There is a need to use the knowledge from previous control system cyber incidents when developing cyber forensics and monitoring technologies, cyber security technologies, training, and to adjust requirements such as the NERC CIPs, US NRC Regulatory Guide 5.71/NEI-0809, and CFATS to address what has actually been happening.
Dragos has stated the 2016 Crashoverride/Industroyer malware used in the 2016 cyber attack marked the first time that engineering expertise was used in developing cyberattack methodologies because of the use of SCADA-specific protocols. In reality, it was Aurora and Stuxnet in the 2007-08 timeframe that marked the sea change in control system cyber security threats.
In Aurora and Stuxnet, the attacks were designed to physically damage equipment based on engineering “weaknesses”. The cyber methodologies were utilized based on what was needed to accomplish the engineering goals. Consequently, the cyber tools necessary could range from trivial to zero days depending on the functional need. This is different than the IT/OT approach of assessing network vulnerabilities. However, this engineering approach is still not well-appreciated and this is deadly dangerous.

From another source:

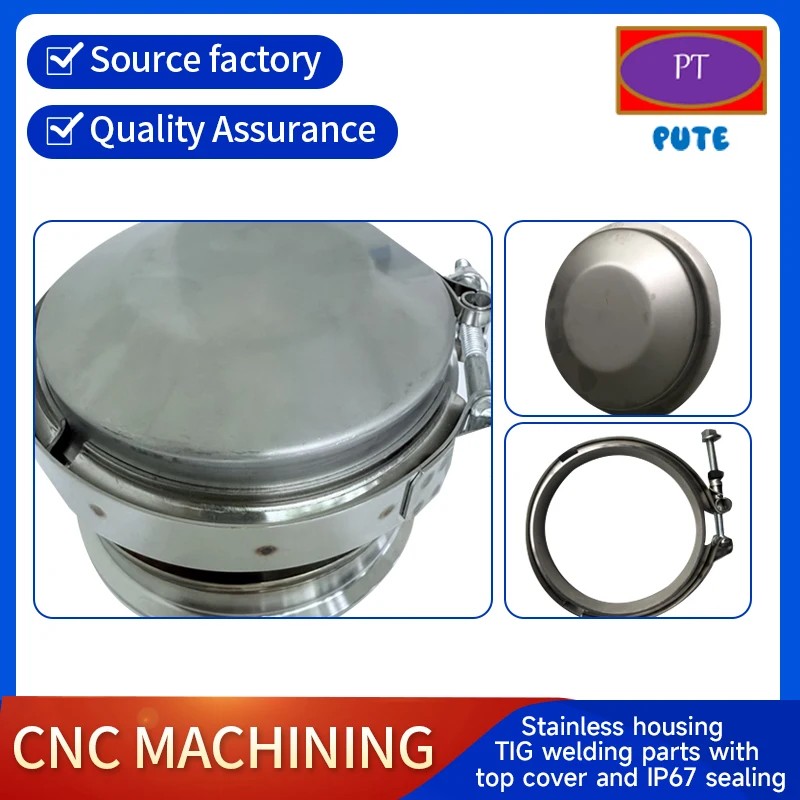 Stainless Housing TlG Welding Partswith Top Cover And lP67 Sealing
Stainless Housing TlG Welding Partswith Top Cover And lP67 Sealing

In August 2008, the Siemens International User Group meeting had an INL presentation on hacking Siemens PLCs. It identified the PCS7 cyber vulnerabilities were exploited by Stuxnet but the attendees didn’t recognize the implications of the presentation (the presentation was originally on the Internet but removed). In the 2009-10 timeframe, Stuxnet was damaging centrifuges in Iran. For the first year, the damage was thought to be centrifuge malfunctions, not a cyberattack. The damage occurring in the banks of centrifuges was audibly obvious but cyber threats were not viewed as the cause until the July 2010 timeframe.
Following Stuxnet becoming public, control system cyber security changed dramatically as many in the attacker community which previously paid little attention to control systems (they were focused on stealing money and fame), pivoted to control systems. Metasploits (hacking tools) were developed for the major control system platforms and made available over the Internet. It no longer took the sophistication of a nation-state to attack control systems.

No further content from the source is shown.